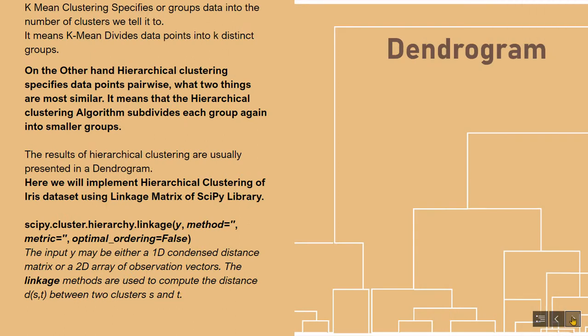Here we will build a dendrogram of the iris dataset using the linkage matrix from the scipy library. The linkage function accepts different parameters — the input may be either a one-dimensional condensed distance matrix or a two-dimensional array of observation vectors. The linkage methods are used to compute the distance between two clusters.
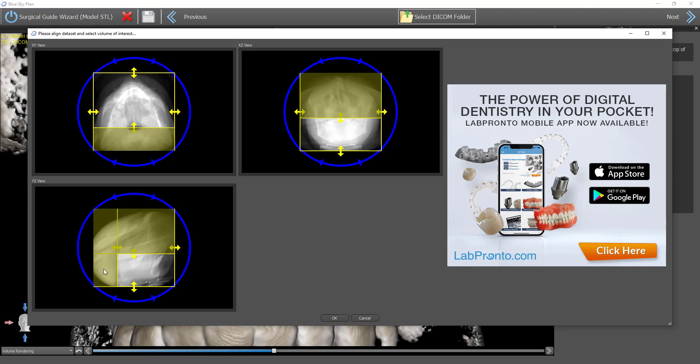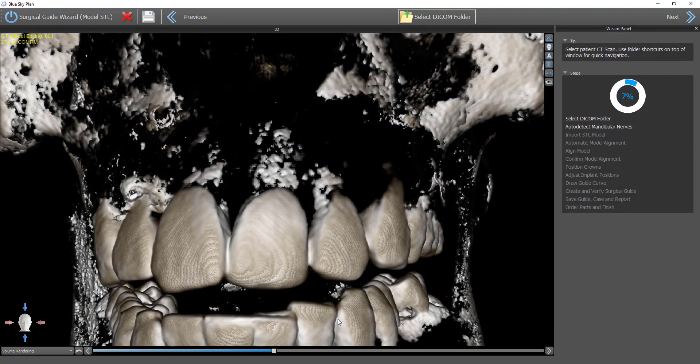What I did on the left is I've grabbed and dragged the borders to select the relevant field of view. Once I have that selected, I'm going to go ahead and click on OK.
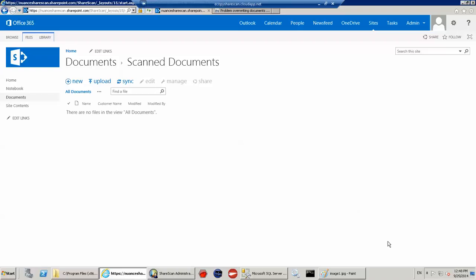So this is a demonstration of how eCopy ShareScan can scan documents directly to SharePoint. In this case I'm using SharePoint Office 365, so hosted SharePoint.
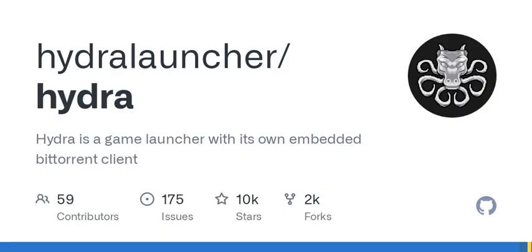If you are interested in contributing to Hydra, you can join their Discord community to participate in discussions and share ideas. You can also fork the repository, clone your forked code, create a new branch, push your commits, and submit a new pull request on GitHub.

◇ ◇ ◇ ◇

:: Problem description ::
Word for word, restate the lines from the one containing "So this is a" through the end of the listing, and nothing more. Skip the pictures.

:: Solution for this problem ::
So this is a demonstration of how eCopy ShareScan can scan documents directly to SharePoint. In this case I'm using SharePoint Office 365, so hosted SharePoint.
If you are interested in contributing to Hydra, you can join their Discord community to participate in discussions and share ideas. You can also fork the repository, clone your forked code, create a new branch, push your commits, and submit a new pull request on GitHub.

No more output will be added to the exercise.